Cross-chain transactions are resolved using a simple Merkle tree-based queuing mechanism to ensure security (trust). But parachains can still act independently to solve their specific use cases, which is the core idea behind the Polkadot system.


Sharding is a common one-layer scaling solution that involves dividing the network into different partitions, called shards. These shards are given different sets of workloads to execute, which will ultimately help expand the network’s ability to execute transactions at scale.

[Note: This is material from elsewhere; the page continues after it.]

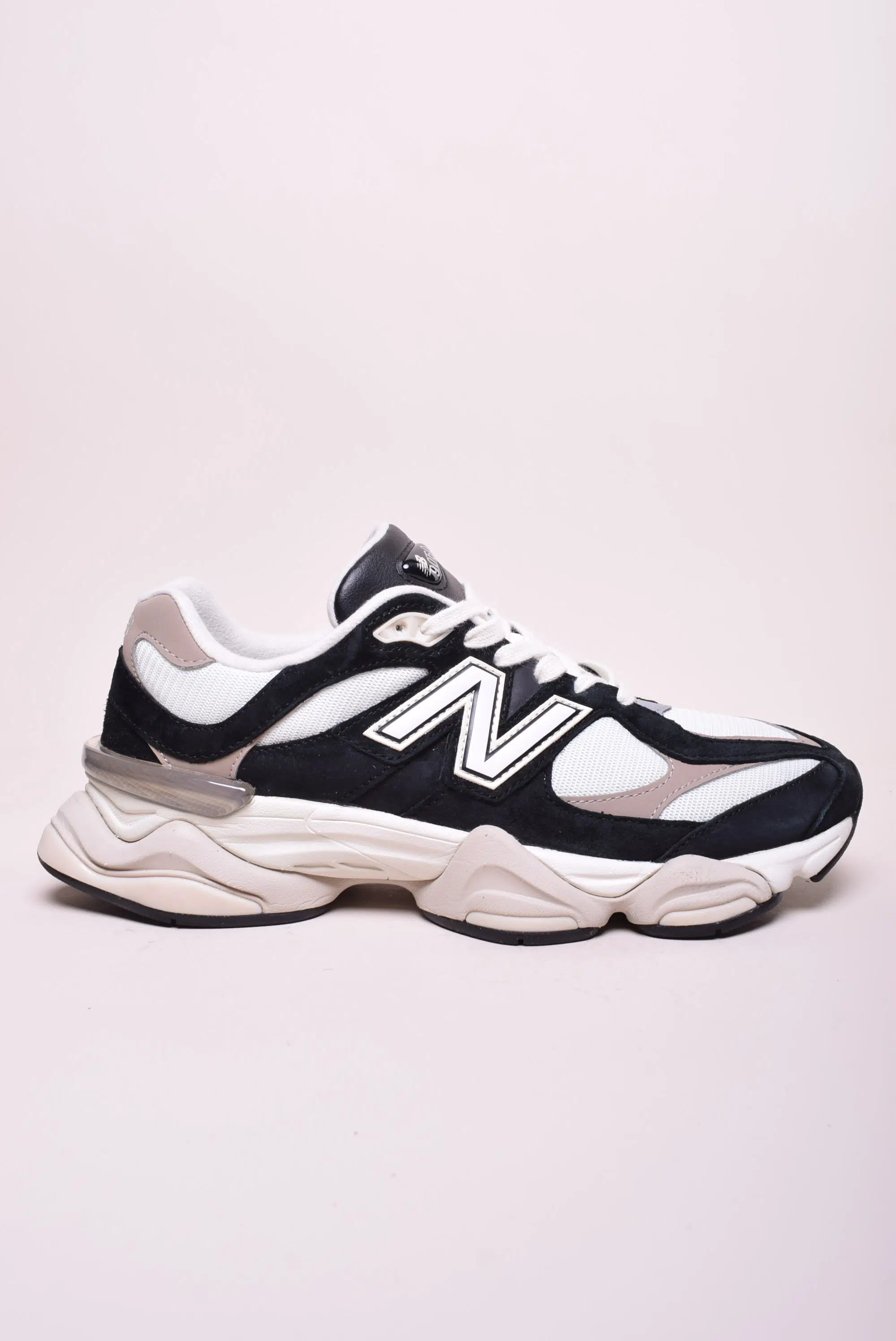 Sneakers barbati 9060 [1]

Sharding helps spread the workload across the P2P network, bringing more computing power from more blockchain nodes, which helps speed up the block production process.

This layer 1 scaling solution can help reduce network latency as it splits the blockchain network into independent shards. However, sharding also has some security holes, and shards are more vulnerable relative to the entire network, which needs to be taken into account.

Popular scaling solutions:

Ethereum 2.0

Polygon (formerly Matic Network, Ethereum Layer 2 scaling protocol)

Loopring (a decentralized exchange protocol using zkRollup)

Harmony (Interoperable Ethereum Layer 2 scaling solution)

OMG Network (Layer 2 Capacity Expansion Solution)

PolkaDot (sharding & parachains)

Why do you need multiple expansion plans?

Various capacity expansion solutions enable the network to have higher reliability in handling high traffic demands. They ensure speed and maximum availability.

Different solutions can coexist and function harmoniously, allowing an exponential impact on future transaction speeds and network throughput.

Ethereum 2.0 is using a suite of such scaling solutions, none of which are adequate for its larger 2.0 vision.

In addition, a variety of scaling solutions do support a variety of consensus mechanisms, and the most suitable solution can be used according to the specific use case.